Aim of the task:
Please give the listing again in full, leaving out its images.

Exercise data:
____________________

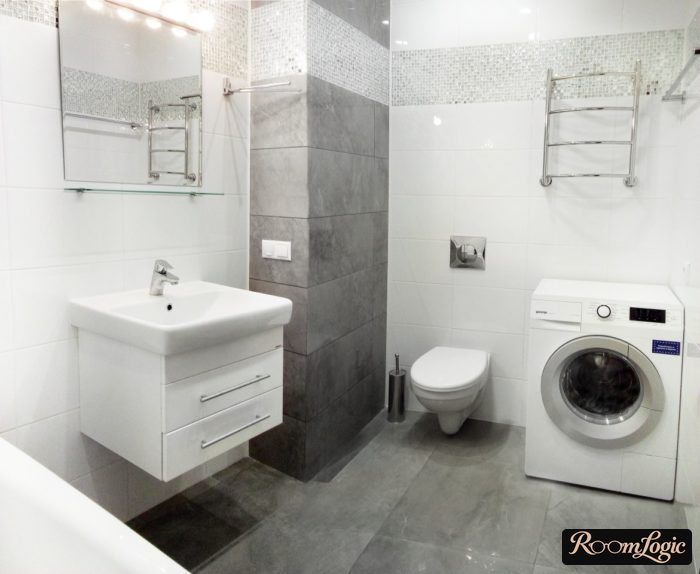 tile design for bathroom with washer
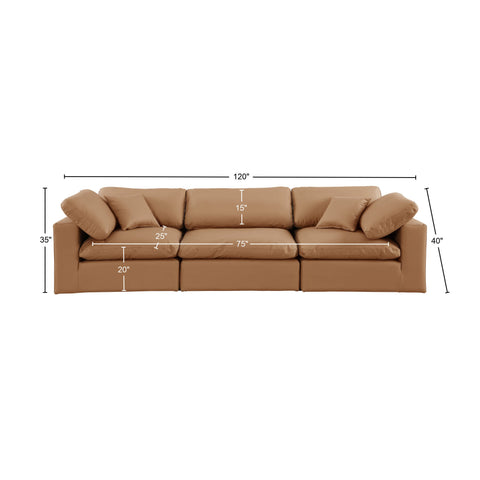 Dolce Cognac Faux Leather Modular Sofa S119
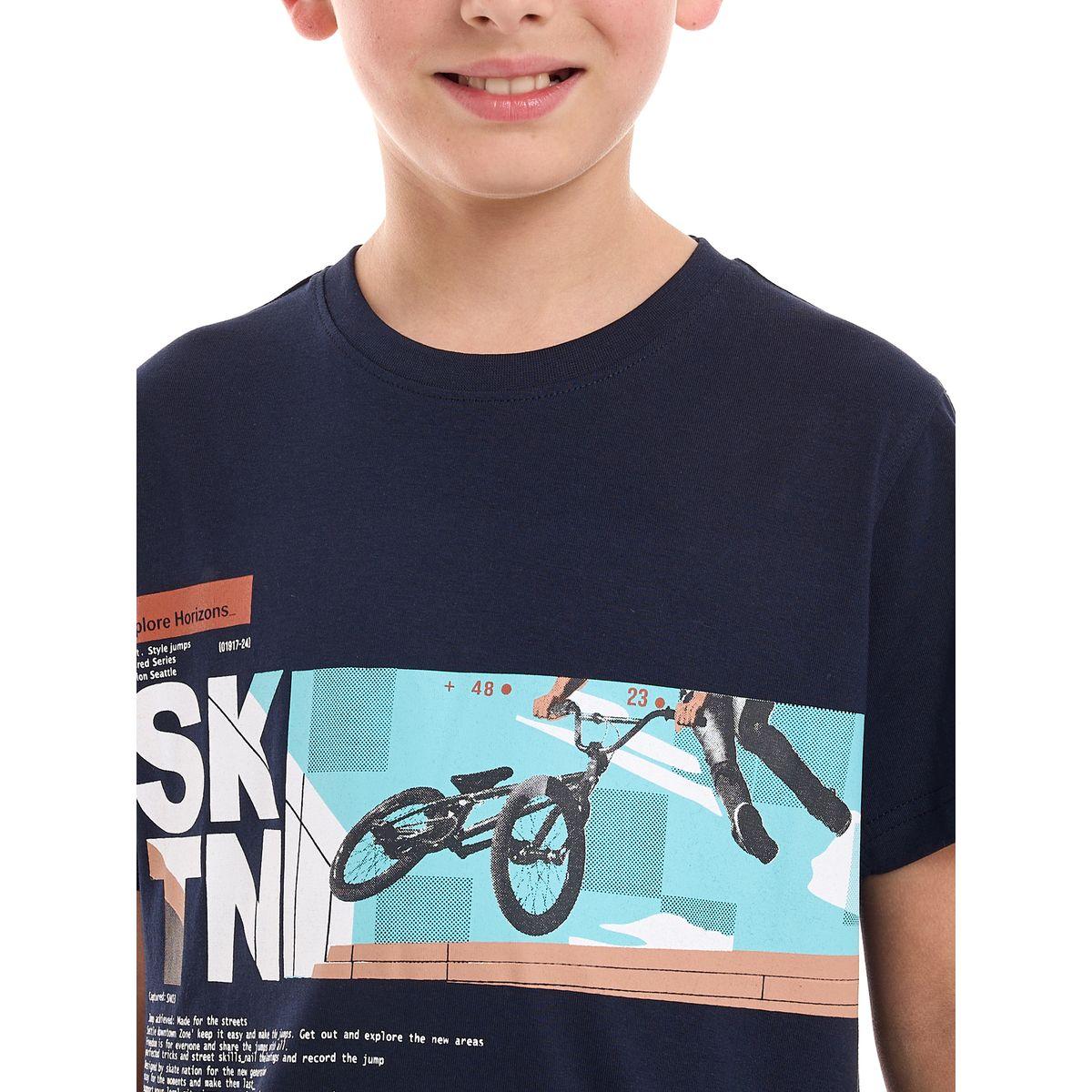 تيشيرت مطبع بطبعة جرافيك مع قصة عادية فيكتور آند جين × ستايلي-boys-clothing-tshirtsandpolos-image-5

____________________

Written answer:
 tile design for bathroom with washer
 Dolce Cognac Faux Leather Modular Sofa S119
 تيشيرت مطبع بطبعة جرافيك مع قصة عادية فيكتور آند جين × ستايلي-boys-clothing-tshirtsandpolos-image-5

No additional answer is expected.